# What happened to FOXBITE?



## froggtogg (May 10, 2009)

I hope nothing bad has happened to Foxbite. As I fish for smallies in the Muskingum River I enjoyed reading his reports on fishing area rivers and lakes. I hope he is well. If anyone knows of him, please post. Thanks


----------



## musikman43155 (May 14, 2008)

Don't know the guy, but, here's his website.


----------



## foxbites (Mar 15, 2010)

hey guys im still kickin!! have not caught a lot of big bass this year. I have been working on some new baits also. I have been catching some smallies on the muskingum but nothing to big. I will get some good reports here soon. Thanks froggtogg for being concerned about me and my well being! Makes me feel good to know my fellow fisherman care! here are a couple i have caught this year


----------



## turkeyt (Apr 13, 2006)

foxbites said:


> hey guys im still kickin!! have not caught a lot of big bass this year. I have been working on some new baits also. I have been catching some smallies on the muskingum but nothing to big. I will get some good reports here soon. Thanks froggtogg for being concerned about me and my well being!

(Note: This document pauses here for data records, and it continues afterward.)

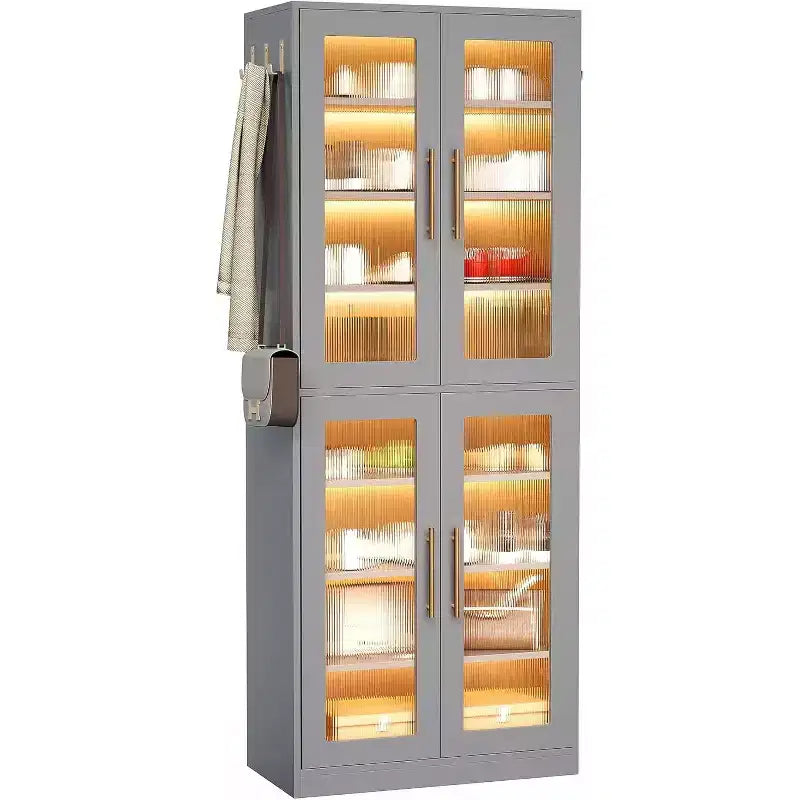 Lantine 8-Tier Vertical Shoe Rack with Built-in LED Lighting and Doors, Shoe Cabinet with Hooks for Entryway, Living Room, Bedroom, Grey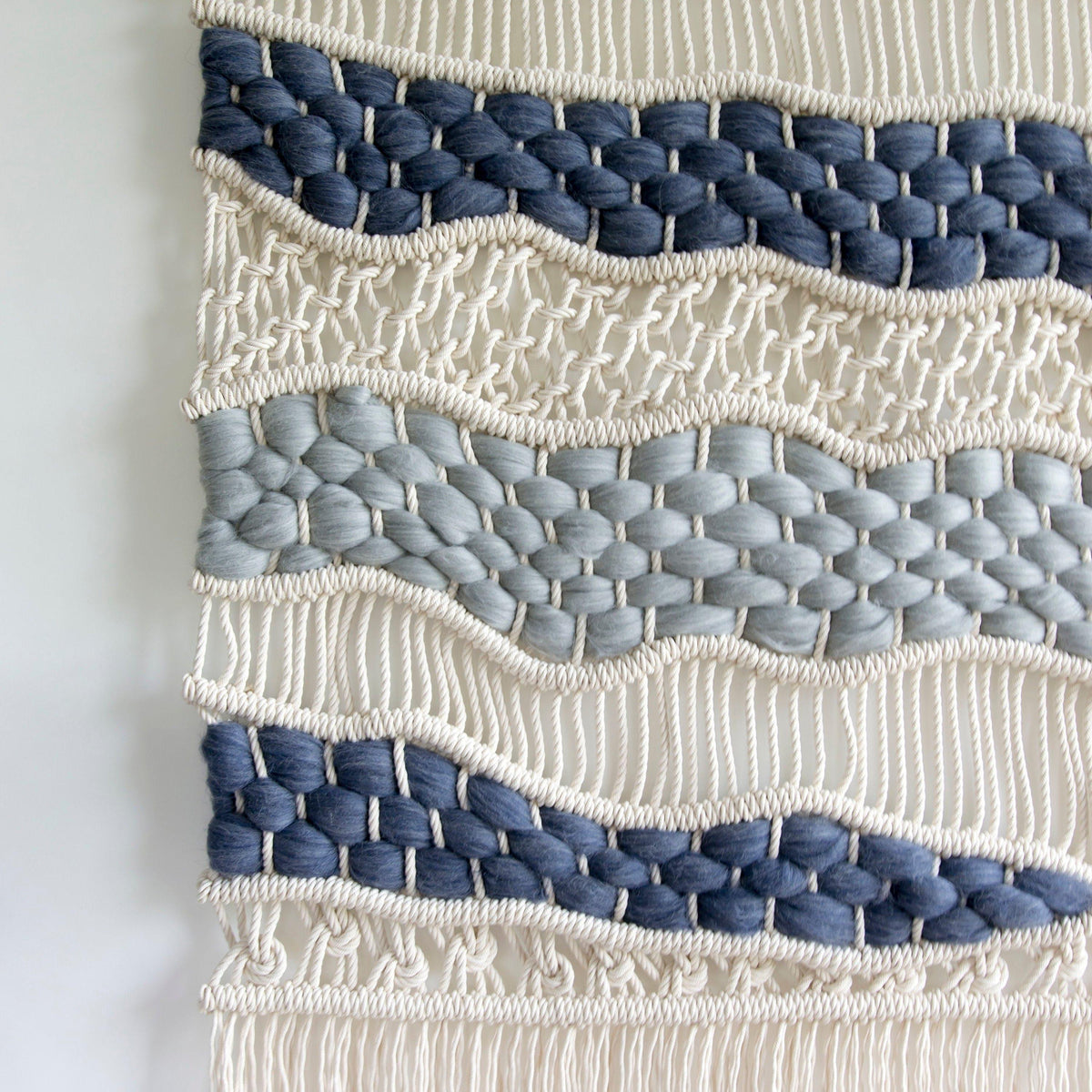 Laura Macrame wall hanging - Abstract Wall Art - Blue and White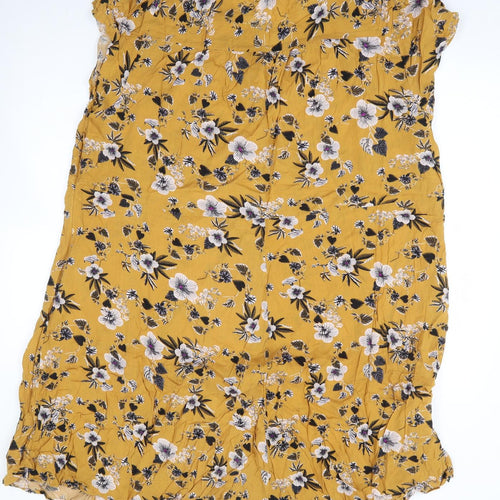 Joe Browns Womens Yellow Floral Polyester A-Line Size XL Round Neck Zip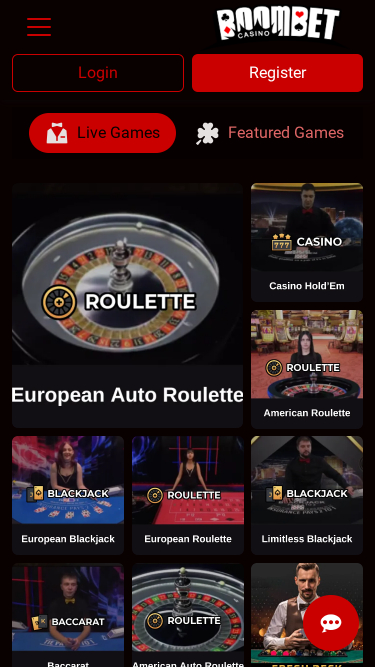 Croupier en direct mobile de Boombet Casino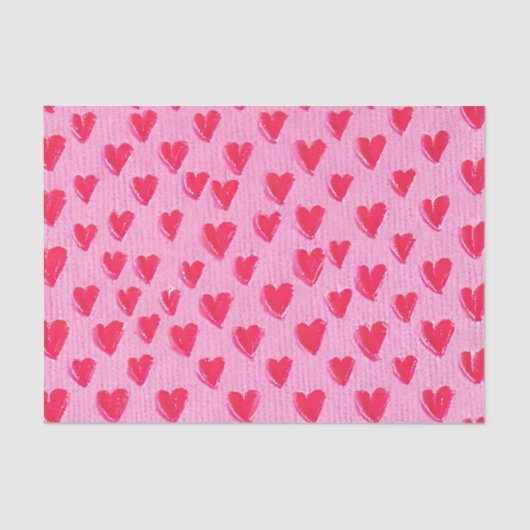 Papier Mousseline Saint Valentin Coeurs rouges sur Arrière - plan ro (Recto)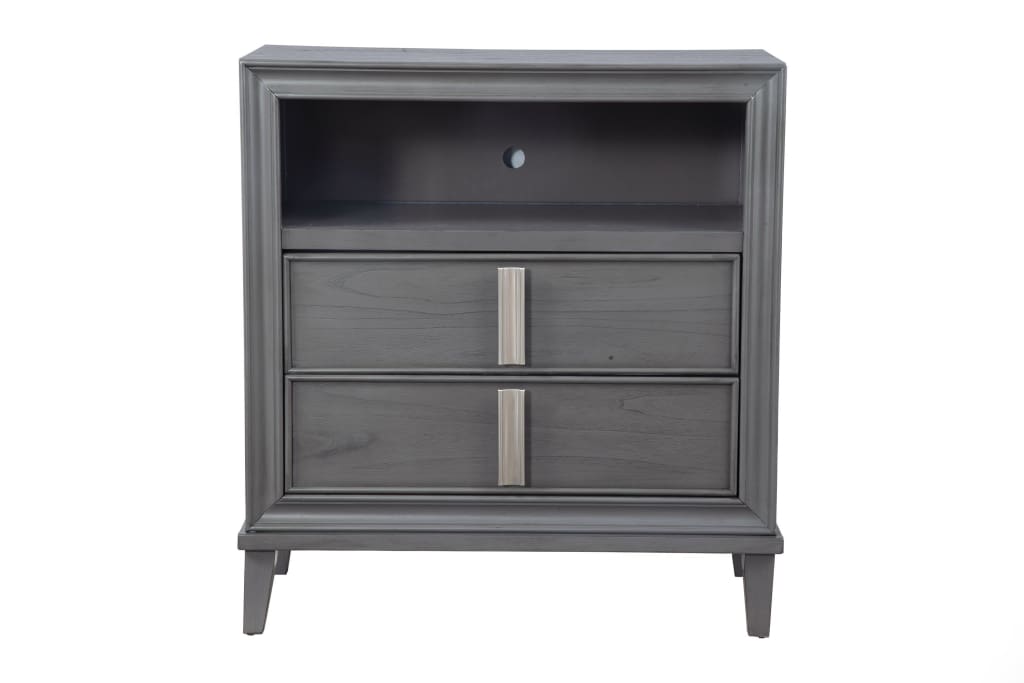 Transitional Style Wooden Media Chest With Two Drawers and One Open Shelf, Gray - 8171-11 By Casagear Home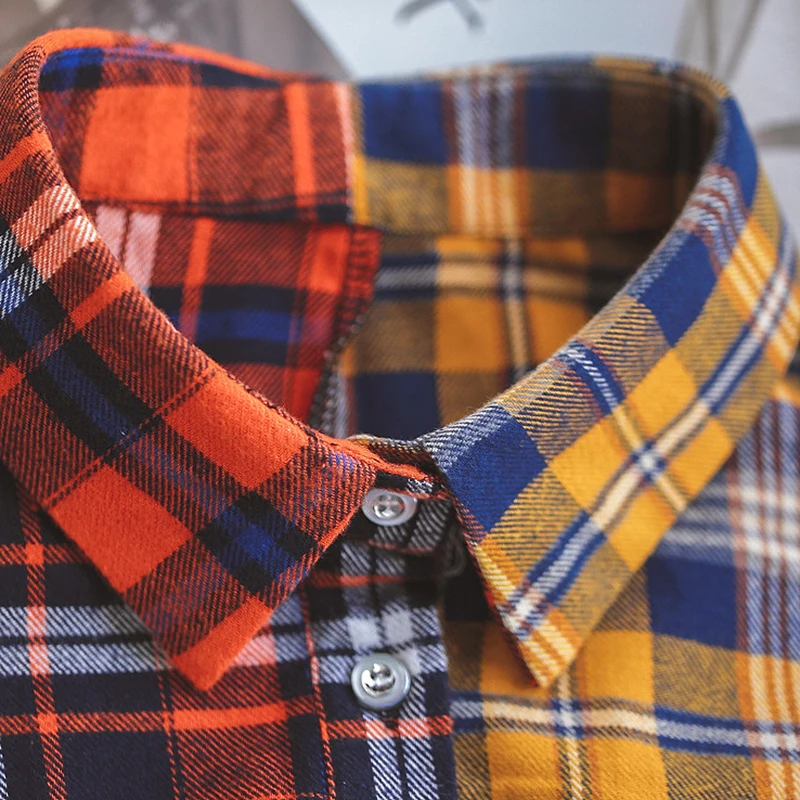 Женская мода плед воротник красный и желтый проверить остроконечные съемные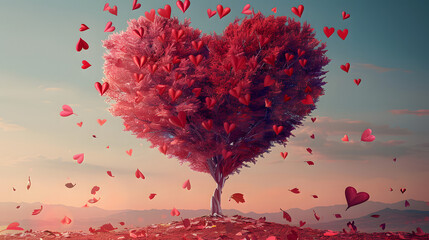 Tree of love. Red heart shaped tree landscape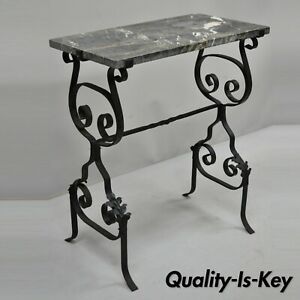 Antique French Art Nouveau Black Wrought Iron Marble Top For Oval Aged Black Iron Coffee Tables (View 10 of 15)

Makes me feel good to know my fellow fisherman care! here are a couple i have caught this year




Crap Foxbites, I figure the fish were missing you more. They have a hard time not being able to latch on to some of your dandy baits!!!


----------



## froggtogg (May 10, 2009)

Great to hear from you Foxbite. Glad you are ok. I fish from Dresden to Duncan Falls. Catching a few smallmouths, but not too many large ones. Heading to Luke Chute Dam monday morning. Thanks for the reply.---Froggtogg


----------